▸ WHAT TO PRODUCE: Transcribe the data below verbatim from the line with "-damage to these" to the line with "Apartamento en Alquiler". Include both of those lines.

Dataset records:
━━━━━━

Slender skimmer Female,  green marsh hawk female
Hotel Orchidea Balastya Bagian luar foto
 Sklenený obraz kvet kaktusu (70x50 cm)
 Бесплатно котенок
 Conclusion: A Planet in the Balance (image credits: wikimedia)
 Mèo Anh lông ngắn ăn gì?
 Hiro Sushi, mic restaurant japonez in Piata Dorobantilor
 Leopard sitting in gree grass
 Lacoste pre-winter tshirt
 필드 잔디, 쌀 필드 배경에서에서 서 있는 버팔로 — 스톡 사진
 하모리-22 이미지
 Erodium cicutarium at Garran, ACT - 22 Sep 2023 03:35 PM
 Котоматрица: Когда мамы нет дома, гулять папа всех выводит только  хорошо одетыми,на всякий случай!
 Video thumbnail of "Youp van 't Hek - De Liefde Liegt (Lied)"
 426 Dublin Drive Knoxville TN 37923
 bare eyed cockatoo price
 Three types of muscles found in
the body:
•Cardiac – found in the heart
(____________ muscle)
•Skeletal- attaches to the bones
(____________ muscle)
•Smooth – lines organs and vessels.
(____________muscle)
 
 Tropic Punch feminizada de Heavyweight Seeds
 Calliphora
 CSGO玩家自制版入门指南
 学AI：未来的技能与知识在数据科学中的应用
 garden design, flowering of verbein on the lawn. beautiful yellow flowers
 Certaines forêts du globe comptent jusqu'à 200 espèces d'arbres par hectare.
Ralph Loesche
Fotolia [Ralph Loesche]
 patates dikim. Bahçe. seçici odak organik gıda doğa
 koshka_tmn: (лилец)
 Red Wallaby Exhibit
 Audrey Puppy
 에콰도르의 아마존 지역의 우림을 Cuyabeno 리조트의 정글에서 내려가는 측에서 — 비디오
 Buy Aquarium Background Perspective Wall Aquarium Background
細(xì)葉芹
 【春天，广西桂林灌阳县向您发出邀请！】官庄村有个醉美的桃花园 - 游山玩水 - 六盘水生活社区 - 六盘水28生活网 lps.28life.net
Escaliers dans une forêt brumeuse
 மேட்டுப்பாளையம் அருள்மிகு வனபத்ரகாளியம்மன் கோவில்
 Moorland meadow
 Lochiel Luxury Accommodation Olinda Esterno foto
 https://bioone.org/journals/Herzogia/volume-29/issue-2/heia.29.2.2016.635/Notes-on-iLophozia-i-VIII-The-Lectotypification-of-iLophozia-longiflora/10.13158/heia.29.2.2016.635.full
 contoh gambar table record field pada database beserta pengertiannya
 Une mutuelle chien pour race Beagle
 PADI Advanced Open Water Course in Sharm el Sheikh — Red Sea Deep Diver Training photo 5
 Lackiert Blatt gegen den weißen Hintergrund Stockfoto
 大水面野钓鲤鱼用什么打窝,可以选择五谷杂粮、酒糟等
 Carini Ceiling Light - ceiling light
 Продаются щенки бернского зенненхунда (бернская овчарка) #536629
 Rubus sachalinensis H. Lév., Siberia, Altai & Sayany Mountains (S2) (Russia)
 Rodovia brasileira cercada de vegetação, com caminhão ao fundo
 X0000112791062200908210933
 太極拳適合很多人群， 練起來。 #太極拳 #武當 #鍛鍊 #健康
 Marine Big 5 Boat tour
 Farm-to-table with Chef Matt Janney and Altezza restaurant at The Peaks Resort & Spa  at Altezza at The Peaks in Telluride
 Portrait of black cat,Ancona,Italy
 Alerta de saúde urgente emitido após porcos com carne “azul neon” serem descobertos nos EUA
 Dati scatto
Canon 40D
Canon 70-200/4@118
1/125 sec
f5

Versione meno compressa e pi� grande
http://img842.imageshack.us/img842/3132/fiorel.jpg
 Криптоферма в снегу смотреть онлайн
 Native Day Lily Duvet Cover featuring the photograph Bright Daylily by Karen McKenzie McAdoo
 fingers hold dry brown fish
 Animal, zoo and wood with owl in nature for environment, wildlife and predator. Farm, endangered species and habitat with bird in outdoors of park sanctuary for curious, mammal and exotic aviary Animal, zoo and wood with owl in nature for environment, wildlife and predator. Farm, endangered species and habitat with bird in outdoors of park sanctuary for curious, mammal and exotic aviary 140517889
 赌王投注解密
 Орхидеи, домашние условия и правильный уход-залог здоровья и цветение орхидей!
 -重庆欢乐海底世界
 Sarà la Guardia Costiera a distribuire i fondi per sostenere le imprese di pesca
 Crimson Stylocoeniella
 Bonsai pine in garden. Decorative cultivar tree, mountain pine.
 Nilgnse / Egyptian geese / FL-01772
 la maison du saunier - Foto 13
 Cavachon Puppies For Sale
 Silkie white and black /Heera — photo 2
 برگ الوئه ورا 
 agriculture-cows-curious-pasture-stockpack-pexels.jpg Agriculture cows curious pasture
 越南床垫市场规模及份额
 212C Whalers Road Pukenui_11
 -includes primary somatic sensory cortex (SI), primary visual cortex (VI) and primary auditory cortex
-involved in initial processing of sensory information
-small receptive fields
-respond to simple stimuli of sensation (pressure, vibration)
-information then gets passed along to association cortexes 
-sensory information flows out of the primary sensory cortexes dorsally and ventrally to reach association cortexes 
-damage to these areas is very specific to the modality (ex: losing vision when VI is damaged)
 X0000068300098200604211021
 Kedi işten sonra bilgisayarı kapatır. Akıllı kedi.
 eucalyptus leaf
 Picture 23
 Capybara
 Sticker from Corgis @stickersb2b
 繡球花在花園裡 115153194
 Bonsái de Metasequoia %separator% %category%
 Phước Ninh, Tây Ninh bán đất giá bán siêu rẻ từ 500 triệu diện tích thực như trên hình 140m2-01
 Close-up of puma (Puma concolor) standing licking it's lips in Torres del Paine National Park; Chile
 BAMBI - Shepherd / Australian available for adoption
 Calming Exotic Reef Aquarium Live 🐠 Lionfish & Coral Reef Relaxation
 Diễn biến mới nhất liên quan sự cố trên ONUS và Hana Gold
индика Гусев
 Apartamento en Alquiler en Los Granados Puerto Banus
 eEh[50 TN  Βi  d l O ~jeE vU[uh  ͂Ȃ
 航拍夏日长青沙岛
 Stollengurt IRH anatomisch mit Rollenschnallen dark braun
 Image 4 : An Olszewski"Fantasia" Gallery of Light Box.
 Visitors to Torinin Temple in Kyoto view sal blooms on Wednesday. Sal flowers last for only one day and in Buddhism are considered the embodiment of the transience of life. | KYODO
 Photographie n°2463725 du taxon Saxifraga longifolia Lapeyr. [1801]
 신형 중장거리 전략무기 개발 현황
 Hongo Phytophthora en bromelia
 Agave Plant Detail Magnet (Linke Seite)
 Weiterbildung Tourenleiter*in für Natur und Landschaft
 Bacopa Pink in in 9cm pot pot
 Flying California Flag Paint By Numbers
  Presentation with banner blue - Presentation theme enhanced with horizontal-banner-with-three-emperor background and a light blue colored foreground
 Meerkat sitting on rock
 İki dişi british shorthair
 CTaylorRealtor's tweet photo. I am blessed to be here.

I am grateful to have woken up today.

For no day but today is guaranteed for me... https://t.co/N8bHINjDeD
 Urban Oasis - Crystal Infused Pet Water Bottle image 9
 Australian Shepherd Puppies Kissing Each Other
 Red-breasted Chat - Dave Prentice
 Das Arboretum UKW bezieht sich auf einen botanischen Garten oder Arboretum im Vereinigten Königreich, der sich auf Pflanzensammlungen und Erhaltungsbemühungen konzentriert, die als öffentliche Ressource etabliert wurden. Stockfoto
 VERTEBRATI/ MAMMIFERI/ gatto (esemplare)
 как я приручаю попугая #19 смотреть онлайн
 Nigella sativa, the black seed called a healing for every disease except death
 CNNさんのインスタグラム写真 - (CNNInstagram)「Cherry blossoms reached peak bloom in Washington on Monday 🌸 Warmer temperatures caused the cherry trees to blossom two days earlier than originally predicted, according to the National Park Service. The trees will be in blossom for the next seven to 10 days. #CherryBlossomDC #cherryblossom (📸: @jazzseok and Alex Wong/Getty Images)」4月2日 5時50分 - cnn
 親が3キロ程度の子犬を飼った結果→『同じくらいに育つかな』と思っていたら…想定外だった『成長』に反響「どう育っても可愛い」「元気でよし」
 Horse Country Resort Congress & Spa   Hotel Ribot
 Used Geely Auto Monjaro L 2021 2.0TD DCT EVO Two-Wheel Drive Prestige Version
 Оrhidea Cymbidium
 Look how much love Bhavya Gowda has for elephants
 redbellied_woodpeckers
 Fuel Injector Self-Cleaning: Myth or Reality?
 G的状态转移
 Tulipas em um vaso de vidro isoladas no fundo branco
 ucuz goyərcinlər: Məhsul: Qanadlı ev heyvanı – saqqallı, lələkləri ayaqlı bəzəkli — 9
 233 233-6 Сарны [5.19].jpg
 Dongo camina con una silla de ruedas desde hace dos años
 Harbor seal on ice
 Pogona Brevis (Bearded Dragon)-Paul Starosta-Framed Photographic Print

━━━━━━

▸ EXERCISE RESULT:
-damage to these areas is very specific to the modality (ex: losing vision when VI is damaged)
 X0000068300098200604211021
 Kedi işten sonra bilgisayarı kapatır. Akıllı kedi.
 eucalyptus leaf
 Picture 23
 Capybara
 Sticker from Corgis @stickersb2b
 繡球花在花園裡 115153194
 Bonsái de Metasequoia %separator% %category%
 Phước Ninh, Tây Ninh bán đất giá bán siêu rẻ từ 500 triệu diện tích thực như trên hình 140m2-01
 Close-up of puma (Puma concolor) standing licking it's lips in Torres del Paine National Park; Chile
 BAMBI - Shepherd / Australian available for adoption
 Calming Exotic Reef Aquarium Live 🐠 Lionfish & Coral Reef Relaxation
 Diễn biến mới nhất liên quan sự cố trên ONUS và Hana Gold
индика Гусев
 Apartamento en Alquiler en Los Granados Puerto Banus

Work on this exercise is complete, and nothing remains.